Exact copy, no pictures: return only the lines below from the line with "Фотопрогулка для четырех" up to and including the line with "Hechtfische — Stockvektor".

Material for this exercise:

_ _ _

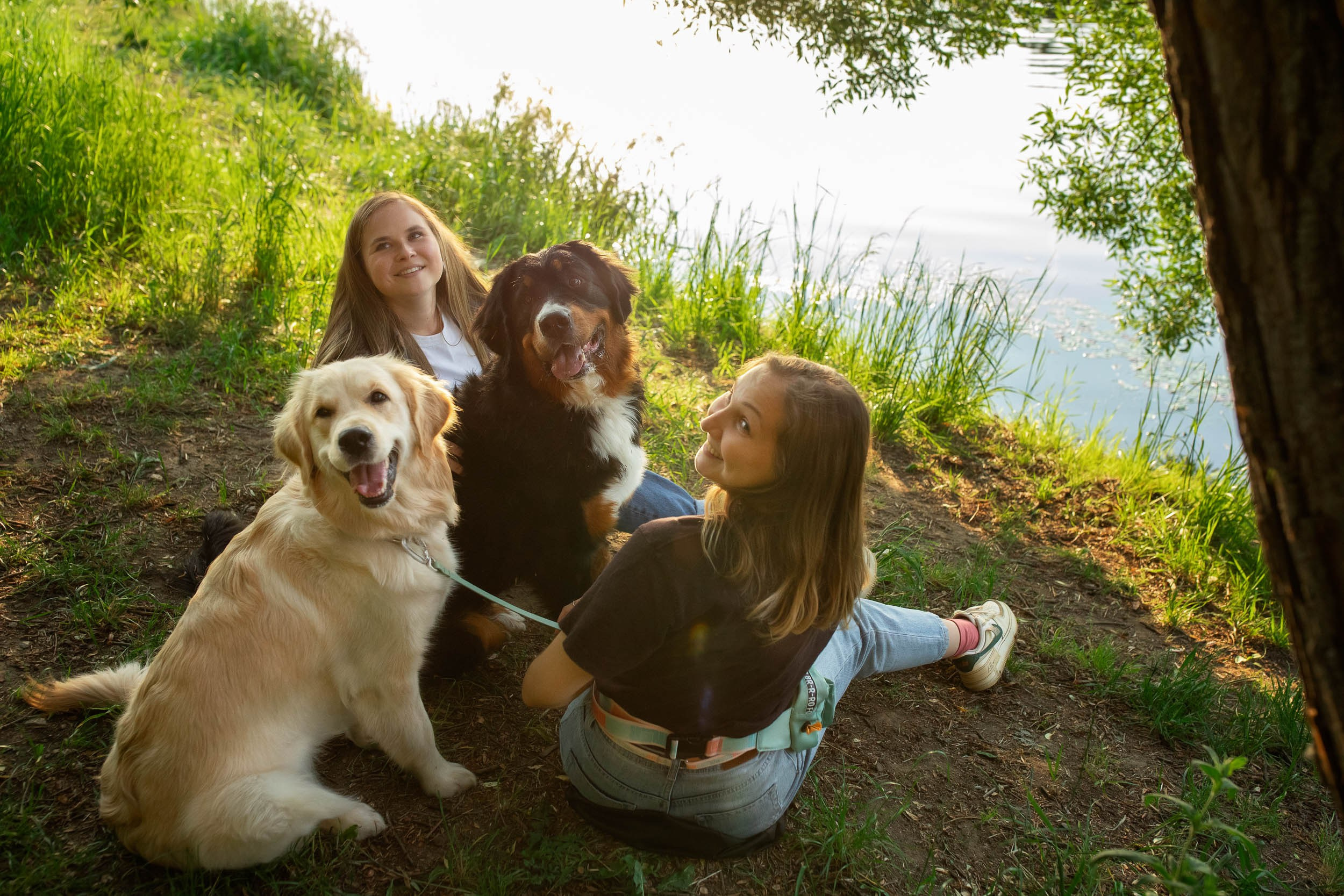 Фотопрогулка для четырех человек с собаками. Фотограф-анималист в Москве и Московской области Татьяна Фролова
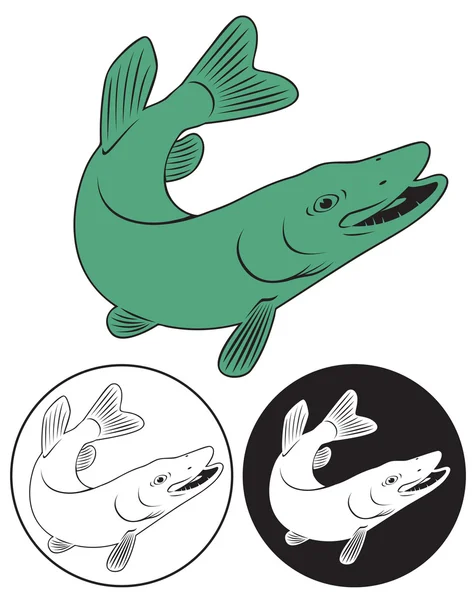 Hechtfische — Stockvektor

_ _ _

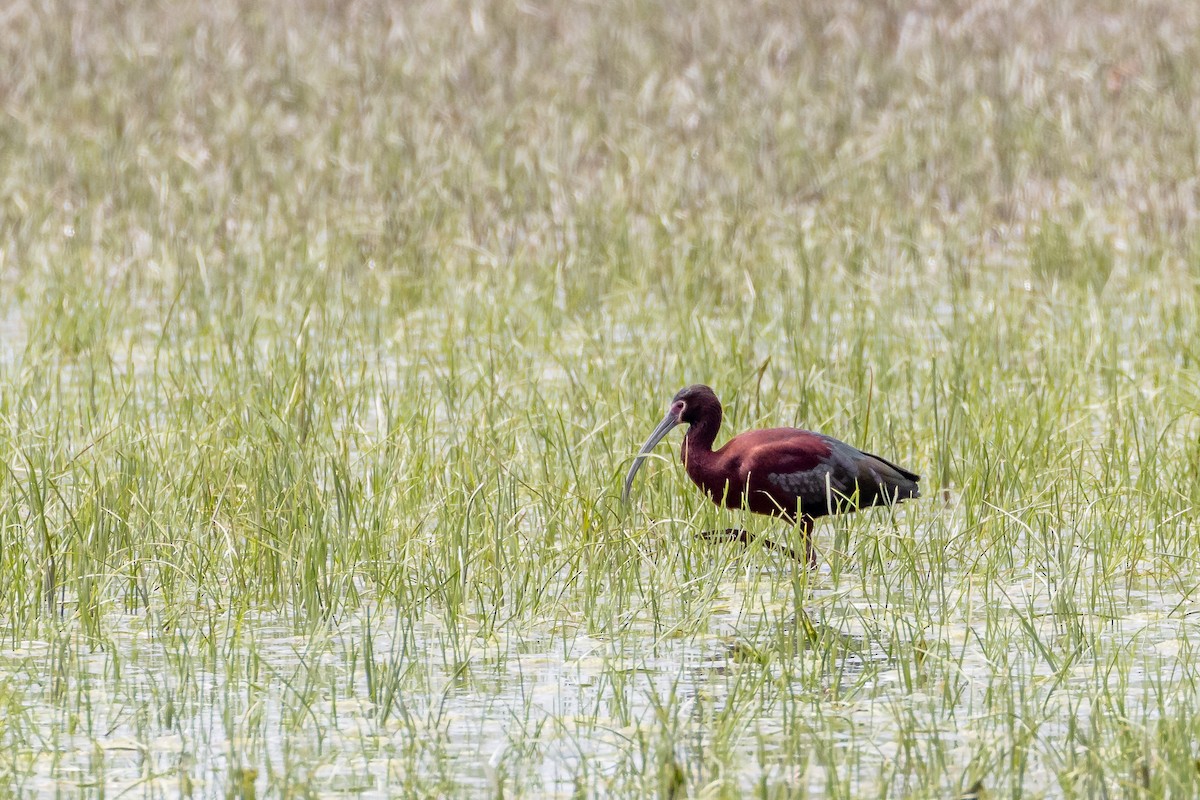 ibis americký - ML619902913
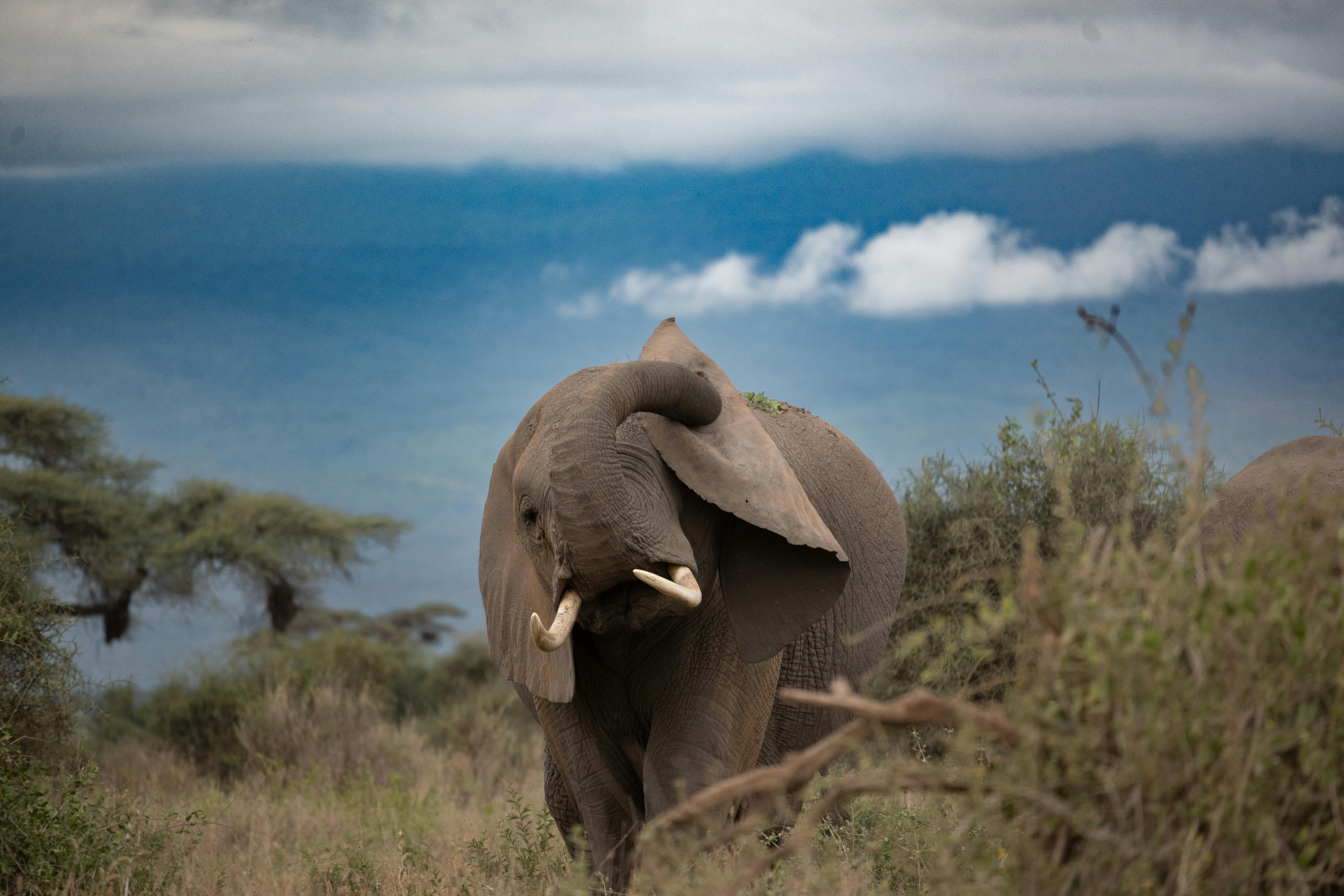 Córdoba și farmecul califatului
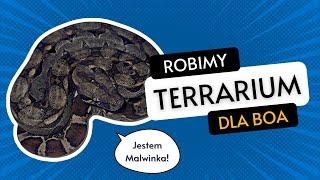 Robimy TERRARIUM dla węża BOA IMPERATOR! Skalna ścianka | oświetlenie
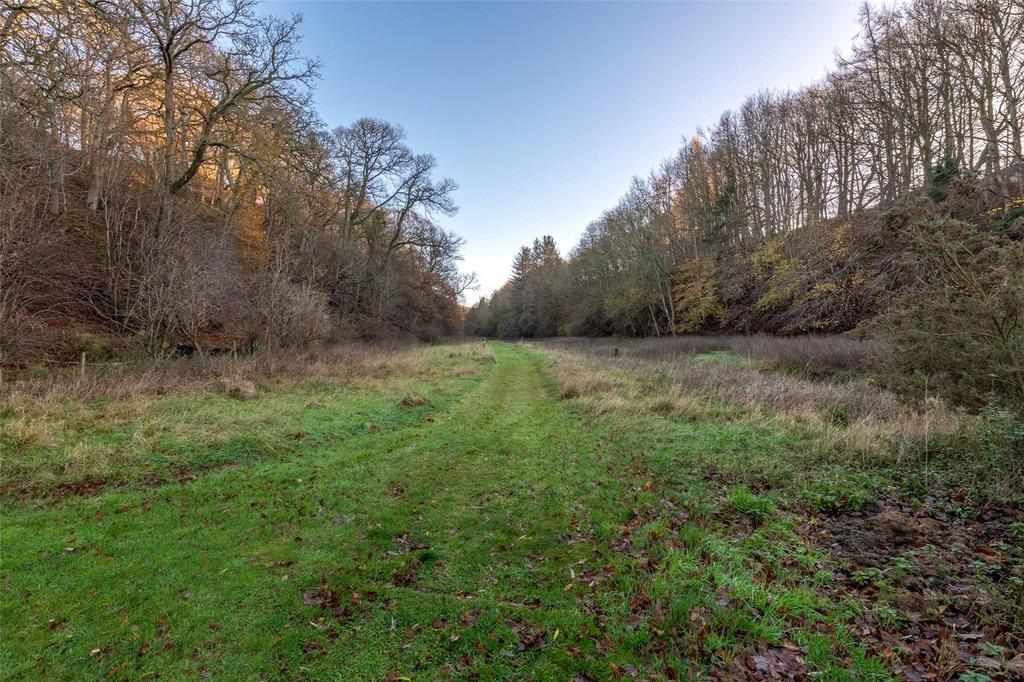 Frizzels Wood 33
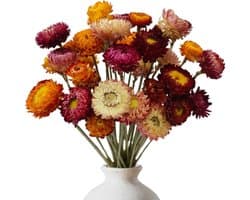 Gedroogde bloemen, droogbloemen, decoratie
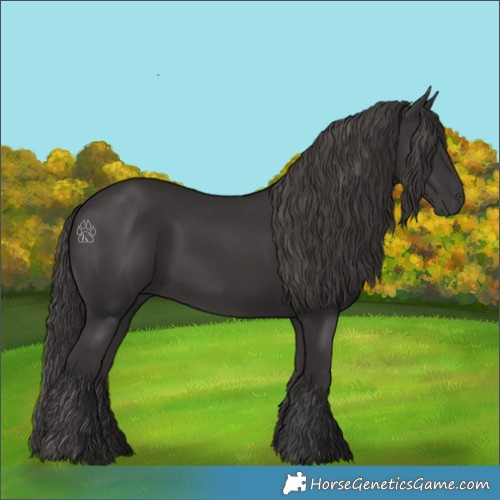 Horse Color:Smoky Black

_ _ _

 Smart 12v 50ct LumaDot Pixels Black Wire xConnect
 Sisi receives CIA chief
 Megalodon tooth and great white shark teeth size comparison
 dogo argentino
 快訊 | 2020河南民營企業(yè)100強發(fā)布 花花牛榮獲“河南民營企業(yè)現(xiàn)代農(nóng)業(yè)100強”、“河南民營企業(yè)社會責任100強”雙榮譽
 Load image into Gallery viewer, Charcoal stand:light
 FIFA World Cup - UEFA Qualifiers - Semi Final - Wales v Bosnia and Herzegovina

_ _ _

Answer to this task:
 Фотопрогулка для четырех человек с собаками. Фотограф-анималист в Москве и Московской области Татьяна Фролова
 Hechtfische — Stockvektor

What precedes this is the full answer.